What is an example of a situation where vector-based graphics are needed and what are its benefits? 

Since vector graphics are pixel free and not subjected to scaling restrictions (comprising composition quality), one situation where its use would be best suited is in printing signage. Signage for businesses encompassing advertising, logo showcasing and welcome banners are great applications for utilizing vector graphics over raster graphics if only for certain benefits. The benefits of vector graphics include but are not limited to: smaller file size of an image or graphic which therefore makes them easy to share (like to a client) and store, the simple conversion to raster when and if needed and its excellent use of smooth lines which are great for designing curves and diagonal segments of a shape (in raster graphics, creating these are possible but will result in a jagged edges due to pixels being used).

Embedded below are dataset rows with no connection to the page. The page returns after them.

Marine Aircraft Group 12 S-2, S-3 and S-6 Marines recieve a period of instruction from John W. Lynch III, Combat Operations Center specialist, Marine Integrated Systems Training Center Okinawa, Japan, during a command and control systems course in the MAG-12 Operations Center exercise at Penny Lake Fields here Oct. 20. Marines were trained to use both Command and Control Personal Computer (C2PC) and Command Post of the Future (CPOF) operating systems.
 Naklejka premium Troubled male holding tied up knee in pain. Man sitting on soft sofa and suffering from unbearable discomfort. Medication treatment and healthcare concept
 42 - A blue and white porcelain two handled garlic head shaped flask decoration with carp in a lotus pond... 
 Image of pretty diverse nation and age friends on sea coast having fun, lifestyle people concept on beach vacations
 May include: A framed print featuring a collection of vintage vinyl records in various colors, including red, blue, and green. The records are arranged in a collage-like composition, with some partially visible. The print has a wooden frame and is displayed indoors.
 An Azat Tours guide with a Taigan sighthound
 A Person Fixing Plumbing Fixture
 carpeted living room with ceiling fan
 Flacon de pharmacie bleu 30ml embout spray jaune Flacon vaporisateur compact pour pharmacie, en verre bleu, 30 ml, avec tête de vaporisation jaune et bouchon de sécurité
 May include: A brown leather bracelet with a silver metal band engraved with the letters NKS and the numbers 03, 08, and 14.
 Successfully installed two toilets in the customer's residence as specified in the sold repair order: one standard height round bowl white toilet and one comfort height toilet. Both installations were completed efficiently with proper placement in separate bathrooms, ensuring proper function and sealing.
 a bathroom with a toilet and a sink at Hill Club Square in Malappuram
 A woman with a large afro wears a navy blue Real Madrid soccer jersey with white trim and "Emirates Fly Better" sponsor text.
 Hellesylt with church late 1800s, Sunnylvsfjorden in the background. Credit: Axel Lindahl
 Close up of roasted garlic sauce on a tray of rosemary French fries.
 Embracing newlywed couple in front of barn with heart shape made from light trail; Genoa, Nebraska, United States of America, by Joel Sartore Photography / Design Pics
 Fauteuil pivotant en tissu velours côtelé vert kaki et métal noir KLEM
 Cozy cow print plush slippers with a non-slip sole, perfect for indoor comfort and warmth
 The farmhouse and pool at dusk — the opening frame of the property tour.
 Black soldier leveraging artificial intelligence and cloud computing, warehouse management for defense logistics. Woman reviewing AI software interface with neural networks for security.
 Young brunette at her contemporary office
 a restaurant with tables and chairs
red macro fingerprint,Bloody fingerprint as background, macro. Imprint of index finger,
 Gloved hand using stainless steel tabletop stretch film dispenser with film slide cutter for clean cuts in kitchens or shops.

The only major limitation to vector graphics is its handling of photographic imagery where raster graphics must be used instead (since the amount of pixels in a photo determine its detail, that of which can be easily manipulated for effects). The following example shows a comparison between vector and raster graphics for a sample logo:


Observed is the blurriness and pixelation on the right logo as opposed to mathematically generated smooth lines shown with the vector graphic on the left (therefore, a correct use of raster for a logo). Other than image manipulation and deliberately creating effects, there is no reason to use raster graphics for anything other than photos or simple web graphics, the latter due to low memory storage. Ultimately, due to the differences in use, vector graphics and raster graphics need to be handled or manipulated by software such as Illustrator and Photoshop respectively to achieve appropriate results.